Leroo is an isolated sandy desert place but the newest lodge in the portfolio and very modern rooms and managed by a white South African couple which is different to the others that are managed by locals. I didn't want to stay here but when booking I was told that my combo had to include this lodge. Wake-up call was half hr earlier at 530am to allow time to boat across the river to the safari vehicles. I toured with a retired Aussie couple from Melbourne who were lovely people with hearts of gold and loved their red wine – reminded me of Kath & Kel. They got excited about the simplest things (e.g. Impala and Ostrich) and it made me wish to share Africa with a friend/family member – I’ve seen so much of this continent and always solo! The mornings were insanely cold and the very chatty Aussies went quickly quiet when faced with the first morning boat trip as the icy wind cut straight thru u.
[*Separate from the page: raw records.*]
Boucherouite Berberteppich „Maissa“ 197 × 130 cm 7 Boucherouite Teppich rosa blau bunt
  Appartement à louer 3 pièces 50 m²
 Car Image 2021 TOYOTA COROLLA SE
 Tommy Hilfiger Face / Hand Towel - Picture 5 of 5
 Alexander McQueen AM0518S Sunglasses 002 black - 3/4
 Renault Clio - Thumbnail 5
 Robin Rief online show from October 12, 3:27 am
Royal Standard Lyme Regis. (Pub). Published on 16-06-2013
I secretly laughed and still do as I type this. It was hilarious to watch them turn to ice blocks. The animals here are less densely populated than Savute and you drive for a long time without seeing anything. We eventually found the lions - a small pride with mum, dad and three 14 month old cubs. Fascinating to watch them interact. The cubs appear mature but still play with dad's tail and kill zebra just for fun. As u do. 

Other activities included boat trip on the recently flowing river that comes from the delta and a day trip to the Nxai salt pans to see the 3000 yr old Baines Boabab trees and the vastness of the pans. It was good to see but not really worth the 3 hr bumpy drive there. I'd intentionally stayed an extra night here to do the pans and it was ok but nothing overly memorable. But we were back earlier than expected so I joined an afternoon activity boat trip with a funny French family I'd met at Xugana and glad I did cause saw some new things and the lion family had come down to the river edge. Great to see them so close and just watch them. I want one as a pet. A lot cooler here at night so the fire pit didn't get much attention and all but one meal was inside. Typical desert weather of very cold nights but heating up to shorts and t-shirt weather about 1 pm. 

The water here has a high sulphur content and showering was like a reminder of having a volcanic mud bath in Rotorua, NZ. Yuk. I departed Leroo at 9:50 am with a posh English family who were going to Okavango Camp. I thought I'd get dropped first in Maun but instead I went to the camp, then another camp and finally to Maun. Silly and annoying to leave so early to only be in planes for the next two hours. By now I am a pro at this small aircraft flying – almost wishing for turbulence to make it exciting!

So I reflect on my Botswana experience knowing that it will take time to sink in everything I have seen in the past week. It feels like 2 weeks and hard to fathom I am only half way through this break. More than a few pinch yourself moments. No internet or phone or work for a week is incredibly revitalising and connecting in a whole other meaning. And Tanzania is supposed to be better! Bring it.